12.12         Betfair's submission also referred to this landmark case:

The Western Australian government justified the prohibition on the basis that betting exchanges supposedly threatened the integrity of racing in WA. The legislation was ruled constitutionally invalid by the High Court. The Court found that a prohibition is not “necessary for the protection of the integrity of the racing industry of that State” (paragraph 110) and that the regulation imposed by Tasmanian legislation (i.e. the Gaming Control Act 1993 Tas) is effective and non-discriminatory. In reaching its decision, the High Court compared the three types of betting operators in the Australian marketplace – totalisators, bookmakers and betting exchanges – and determined that Western Australia was not permitted to treat betting exchanges differently on the basis of integrity.[11]

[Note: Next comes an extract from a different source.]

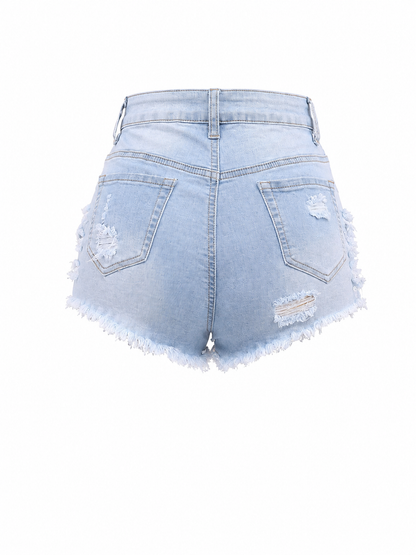 REDFOX WOMEN HIGH RISE SHREDDED SIDE DENIM SHORTS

12.13         FamilyVoice Australia pointed out that this ruling has since 'opened up advertising to sports betting agencies registered under looser laws in the Northern Territory':

The High Court decision makes it constitutionally problematic for individual States to adequately control gambling advertising. This puts the onus on the Commonwealth to take the lead in promoting a co-operative federalist approach to this issue.[12]

12.14         The calls for national action on a number of areas of advertising are outlined throughout the rest of this chapter.

Inducements to bet

12.15         Unsurprisingly, sports betting providers argued against restricting the practice of offering inducements to bet (including the offering of free credit or 'free bets'). On the other hand, some submitters to the inquiry claimed that the use of 'inducements' to advertise betting products was inappropriate and could contribute to or exacerbate problem gambling.

12.16         Leagues Clubs Australia's submission described a range of inducements and promotions offered by online sports betting providers:

Inducements include:

12.17         The Productivity Commission's (PC) view was that inducements, including the offering of free bets to open betting accounts, are not necessarily harmful and may even enhance competition by reducing 'switching costs between incumbent wagering operators and new entrants'. It recommended that any perceived risks of inducements should be properly assessed and that, regardless of whether prohibition or managed liberalisation is the appropriate outcome, a nationally consistent approach would be warranted.[14]

12.18         The PC's view was supported by a number of submitters including the NSW Bookmakers' Co-operative Ltd, the Australian Bookmakers' Association and Greyhounds Australasia.[15]

12.19         Betchoice's submission argued that the use of the term 'inducement' was 'overly broad' and provided:

...little assistance in developing good policy. Inducements cover a wide range of business practices, can occur in a variety of media and may be targeted at widely differing groups. As an example, we set out below[16] some of the practices, media and target audiences that may be involved in an inducement:

Some of the practices, media and target audiences that may be involved in an inducement

12.20         Betchoice argued strongly against a prohibition on all inducements:

A prohibition...would, if taken literally, extend to preventing operators from lowering prices to respond to competitive pressures or to pass on production savings. It makes no sense in a liberalised environment, such as wagering, to prevent so broad a range of standard business practices.[17]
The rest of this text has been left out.